Betty présente ainsi un équilibre précaire, celui d’une famille perpétuellement déchirée entre tendresse, entraide et  bienveillance et rancœur, animosité et méfiance. Le besoin d’esquive à ce milieu étouffant prend diverses formes pour les sœurs. Pour l’aînée, Fraya, c’est se débarrasser de l’emprise d’un frère, pour la volage Flossie, c’est accéder à un monde hollywoodien plus faste que son quotidien. Pour Betty, il s’agira plus simplement d’être acceptée par ses pairs, d’être quelqu’un d’autre qu’elle-même, qu’il serait plus facile à assumer en société. Pour tous les enfants cependant, la réelle source de réconfort est incarnée par leur père. Mais avec le temps ses récits se raréfient, et leur force semble se tarir : ils n’ont plus la capacité magique d’antan de balayer les déceptions et les catastrophes, qu’elles qu’en soient la gravité. Ils révèlent plutôt les failles du père et sa fragilité, lui qui représentait la seule entité solide et sûre dans le monde des enfants.

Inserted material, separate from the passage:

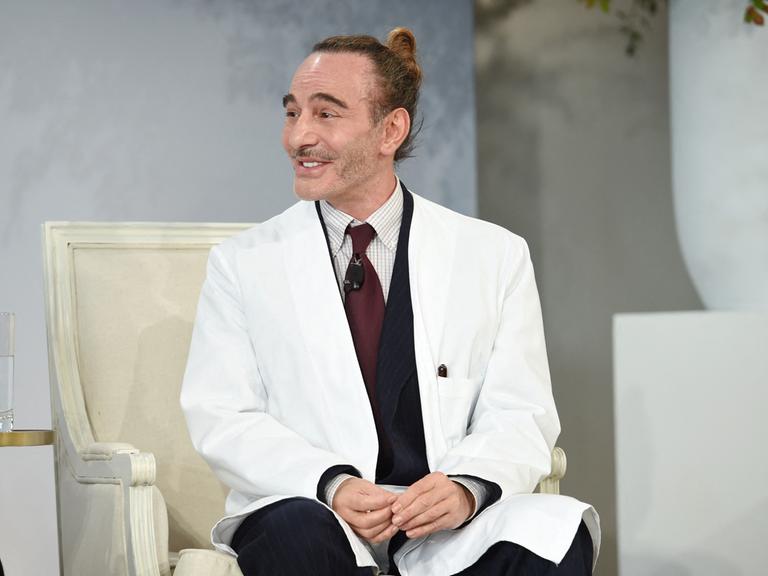 John Galliano spricht auf der Bühne während der „Forces of Fashion“-Konferenz der Vogue in den Milk Studios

« J’ai compris une chose à ce moment-là : non seulement Papa avait besoin que l’on croie à ses histoires, mais nous avions tout autant besoin d’y croire aussi. Croire aux étoiles pas encore mûres. Croire que les aigles sont capables de faire des choses extraordinaires. En fait, nous nous raccrochions comme des forcenées à l’espoir que la vie ne se limitait pas à la simple réalité autour de nous. Alors seulement pouvions-nous prétendre à une destinée autre que celle à laquelle nous nous sentions condamnées. »

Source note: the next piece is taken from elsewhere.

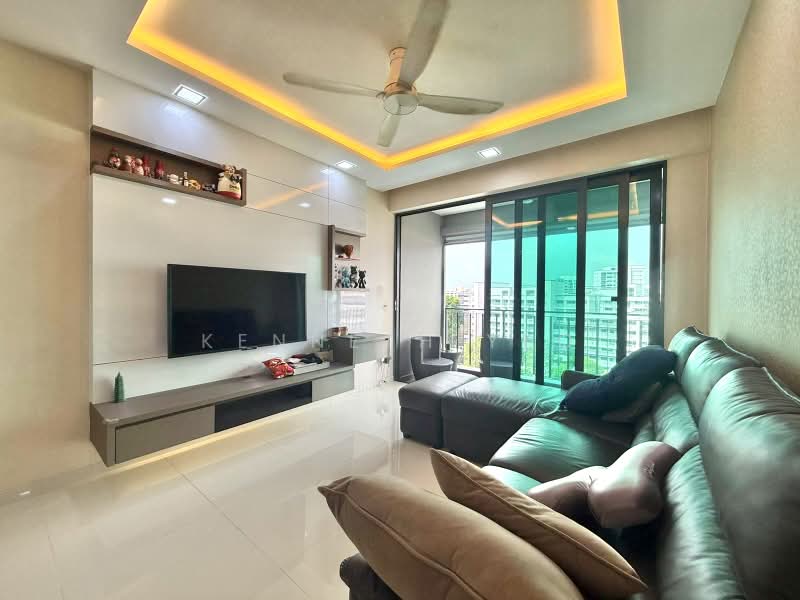 Esparina Residences, 121 Compassvale Bow, 2 Bedrooms, 829 sqft, Executive Condominium For Sale, by Kenneth Yeo, 500230335 - Living Room - PropertyGuru.com.sg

Toute la force protectrice du père est tirée de ses racines, qui l’accompagnent au quotidien. À celles-ci s’ajoutent des croyances chrétiennes, qui viennent ponctuer le récit dans son ensemble. Chaque chapitre commence ainsi par un verset de l’Ancien Testament, qui à leur tour apportent leur part de métaphores poétiques. Les références à Dieu, à la prière, à l’église et à l’âme sont omniprésentes dans les récits racontés par le père, bien que profondément connectées à leur mode de vie cherokee. Et c’est là toute la force de Betty , qui en quelques lignes déposées entre les lèvres de l’homme, embarquent lecteur et enfant au cœur d’un imaginaire magique et coloré qui réchauffe le cœur et laisse des étoiles dans les yeux.

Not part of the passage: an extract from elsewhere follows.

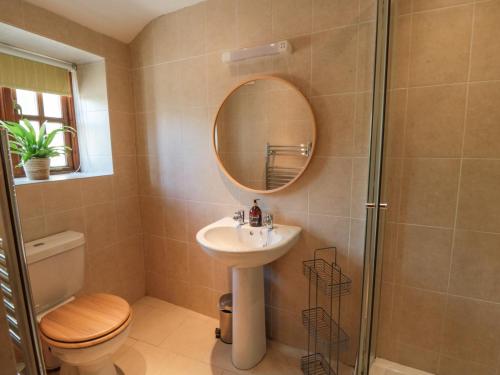 Chapel Cottage Scarborough - image 14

Plus encore que ces parenthèses fantaisistes, c’est la finesse dans l’écriture de Tiffany McDaniel qui impressionne. La longueur du roman permet ainsi de nombreux échos, comme un jeu de miroir dans des expressions légèrement détournées en fonction du personnage qui les énonce. Ces tournures de phrase permettent non seulement de voir concrètement évoluer des situations, mais surtout de renforcer la psychologie des personnages par des métaphores proches mais porteuses de sens si opposés. Betty, après avoir bu ses premières gouttes d’alcool, dira qu’il est « chaud comme si j’avais avalé le soleil », tandis que, quelques chapitres plus loin, sa mère, alcoolique et désabusée, le qualifiera plutôt de « chaud comme si j’avais avalé l’enfer ».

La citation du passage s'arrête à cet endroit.